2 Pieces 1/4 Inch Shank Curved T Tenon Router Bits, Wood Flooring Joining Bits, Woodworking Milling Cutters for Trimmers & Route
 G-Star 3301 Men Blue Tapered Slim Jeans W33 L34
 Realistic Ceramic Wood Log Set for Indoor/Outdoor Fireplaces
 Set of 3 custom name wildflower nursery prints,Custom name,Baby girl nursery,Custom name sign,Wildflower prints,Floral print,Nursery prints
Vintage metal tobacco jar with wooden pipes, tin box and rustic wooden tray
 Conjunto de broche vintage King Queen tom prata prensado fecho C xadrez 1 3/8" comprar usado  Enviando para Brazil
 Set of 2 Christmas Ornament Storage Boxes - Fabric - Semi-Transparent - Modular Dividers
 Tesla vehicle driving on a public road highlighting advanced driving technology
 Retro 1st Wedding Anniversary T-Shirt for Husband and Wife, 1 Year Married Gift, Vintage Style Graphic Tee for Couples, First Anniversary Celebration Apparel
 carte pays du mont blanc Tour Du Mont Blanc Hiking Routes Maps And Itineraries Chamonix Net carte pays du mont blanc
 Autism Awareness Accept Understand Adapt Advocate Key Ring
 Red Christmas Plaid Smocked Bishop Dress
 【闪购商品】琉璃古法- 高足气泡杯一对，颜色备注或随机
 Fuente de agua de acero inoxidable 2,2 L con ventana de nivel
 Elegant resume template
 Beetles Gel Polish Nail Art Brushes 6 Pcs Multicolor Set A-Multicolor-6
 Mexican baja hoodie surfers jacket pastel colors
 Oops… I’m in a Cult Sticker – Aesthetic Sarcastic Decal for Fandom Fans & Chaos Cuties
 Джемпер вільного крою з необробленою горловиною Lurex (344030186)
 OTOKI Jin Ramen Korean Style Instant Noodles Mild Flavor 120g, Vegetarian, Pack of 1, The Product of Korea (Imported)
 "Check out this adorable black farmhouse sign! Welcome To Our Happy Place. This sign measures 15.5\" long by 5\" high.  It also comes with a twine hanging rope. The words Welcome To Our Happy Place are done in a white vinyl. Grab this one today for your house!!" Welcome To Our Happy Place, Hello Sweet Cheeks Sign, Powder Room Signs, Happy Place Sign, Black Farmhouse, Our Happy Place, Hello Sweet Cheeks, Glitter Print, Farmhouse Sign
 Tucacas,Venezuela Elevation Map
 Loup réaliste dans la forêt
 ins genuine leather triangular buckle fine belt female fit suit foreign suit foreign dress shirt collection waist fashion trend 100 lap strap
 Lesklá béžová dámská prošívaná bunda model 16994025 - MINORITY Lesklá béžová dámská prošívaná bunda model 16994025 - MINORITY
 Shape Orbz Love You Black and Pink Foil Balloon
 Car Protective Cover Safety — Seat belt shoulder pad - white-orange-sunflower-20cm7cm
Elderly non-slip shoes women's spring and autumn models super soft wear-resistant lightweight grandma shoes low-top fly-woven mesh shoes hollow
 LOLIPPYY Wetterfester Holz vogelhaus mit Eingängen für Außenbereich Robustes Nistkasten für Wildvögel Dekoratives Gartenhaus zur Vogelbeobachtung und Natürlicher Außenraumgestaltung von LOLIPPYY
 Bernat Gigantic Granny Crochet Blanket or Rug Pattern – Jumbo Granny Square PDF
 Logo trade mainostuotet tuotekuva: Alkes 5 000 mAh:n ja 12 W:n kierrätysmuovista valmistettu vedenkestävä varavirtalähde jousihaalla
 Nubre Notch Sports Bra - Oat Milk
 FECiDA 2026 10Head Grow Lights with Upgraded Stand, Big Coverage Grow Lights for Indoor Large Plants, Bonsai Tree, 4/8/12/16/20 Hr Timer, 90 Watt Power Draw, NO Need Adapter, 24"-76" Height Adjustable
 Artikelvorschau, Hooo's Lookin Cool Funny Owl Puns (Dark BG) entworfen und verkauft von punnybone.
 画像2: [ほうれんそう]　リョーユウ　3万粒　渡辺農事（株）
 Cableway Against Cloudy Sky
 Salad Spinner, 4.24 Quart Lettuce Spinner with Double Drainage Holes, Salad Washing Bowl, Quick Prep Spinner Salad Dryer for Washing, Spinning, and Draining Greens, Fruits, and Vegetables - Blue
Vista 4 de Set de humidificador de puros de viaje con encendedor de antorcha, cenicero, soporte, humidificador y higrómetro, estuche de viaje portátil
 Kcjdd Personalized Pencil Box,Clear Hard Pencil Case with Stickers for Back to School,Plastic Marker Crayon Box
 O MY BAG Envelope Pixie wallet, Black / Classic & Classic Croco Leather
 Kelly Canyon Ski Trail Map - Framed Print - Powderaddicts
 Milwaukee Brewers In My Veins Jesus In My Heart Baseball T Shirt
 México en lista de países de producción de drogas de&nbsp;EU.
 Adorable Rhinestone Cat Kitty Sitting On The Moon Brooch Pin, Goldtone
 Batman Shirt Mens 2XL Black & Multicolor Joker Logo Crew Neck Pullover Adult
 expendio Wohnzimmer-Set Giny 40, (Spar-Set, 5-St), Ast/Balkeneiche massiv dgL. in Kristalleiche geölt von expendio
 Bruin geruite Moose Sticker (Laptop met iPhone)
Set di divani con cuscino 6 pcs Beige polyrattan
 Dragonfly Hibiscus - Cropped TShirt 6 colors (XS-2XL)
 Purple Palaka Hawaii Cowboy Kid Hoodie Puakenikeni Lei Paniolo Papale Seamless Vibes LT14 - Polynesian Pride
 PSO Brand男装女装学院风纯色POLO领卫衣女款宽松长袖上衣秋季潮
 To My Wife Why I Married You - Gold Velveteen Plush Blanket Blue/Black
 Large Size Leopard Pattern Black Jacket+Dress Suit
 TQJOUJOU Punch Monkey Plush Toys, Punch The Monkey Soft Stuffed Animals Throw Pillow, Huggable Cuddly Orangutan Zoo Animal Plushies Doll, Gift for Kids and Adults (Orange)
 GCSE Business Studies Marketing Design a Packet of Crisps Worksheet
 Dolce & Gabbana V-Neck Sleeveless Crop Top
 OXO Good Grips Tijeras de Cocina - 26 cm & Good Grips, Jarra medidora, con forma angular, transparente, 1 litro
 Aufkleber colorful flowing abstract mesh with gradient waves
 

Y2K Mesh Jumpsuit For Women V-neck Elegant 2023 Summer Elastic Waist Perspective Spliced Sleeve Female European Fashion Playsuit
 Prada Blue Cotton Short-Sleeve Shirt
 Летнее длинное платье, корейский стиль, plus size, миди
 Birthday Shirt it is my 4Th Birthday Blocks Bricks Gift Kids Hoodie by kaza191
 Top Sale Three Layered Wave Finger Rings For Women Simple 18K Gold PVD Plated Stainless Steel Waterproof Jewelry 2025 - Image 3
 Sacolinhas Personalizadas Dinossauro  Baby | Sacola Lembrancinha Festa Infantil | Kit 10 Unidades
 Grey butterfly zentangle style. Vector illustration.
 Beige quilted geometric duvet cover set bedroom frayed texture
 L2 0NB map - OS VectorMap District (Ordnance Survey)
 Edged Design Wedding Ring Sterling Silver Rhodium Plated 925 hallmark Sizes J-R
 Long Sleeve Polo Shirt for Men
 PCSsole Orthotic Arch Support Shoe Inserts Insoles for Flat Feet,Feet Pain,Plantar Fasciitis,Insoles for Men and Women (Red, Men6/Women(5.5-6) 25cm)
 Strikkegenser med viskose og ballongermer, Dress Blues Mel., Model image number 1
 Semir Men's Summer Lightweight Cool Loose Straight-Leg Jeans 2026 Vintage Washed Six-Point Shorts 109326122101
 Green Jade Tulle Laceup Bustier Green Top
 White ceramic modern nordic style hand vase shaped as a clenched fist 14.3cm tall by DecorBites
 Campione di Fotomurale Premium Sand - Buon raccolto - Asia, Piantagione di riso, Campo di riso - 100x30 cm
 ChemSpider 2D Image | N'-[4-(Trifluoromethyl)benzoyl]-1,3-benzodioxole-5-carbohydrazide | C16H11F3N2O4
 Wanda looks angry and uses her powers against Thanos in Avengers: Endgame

| Exercise aim |
Go through the listing above and copy each line that contains "Baby".

| Task output |
 Set of 3 custom name wildflower nursery prints,Custom name,Baby girl nursery,Custom name sign,Wildflower prints,Floral print,Nursery prints
 Sacolinhas Personalizadas Dinossauro  Baby | Sacola Lembrancinha Festa Infantil | Kit 10 Unidades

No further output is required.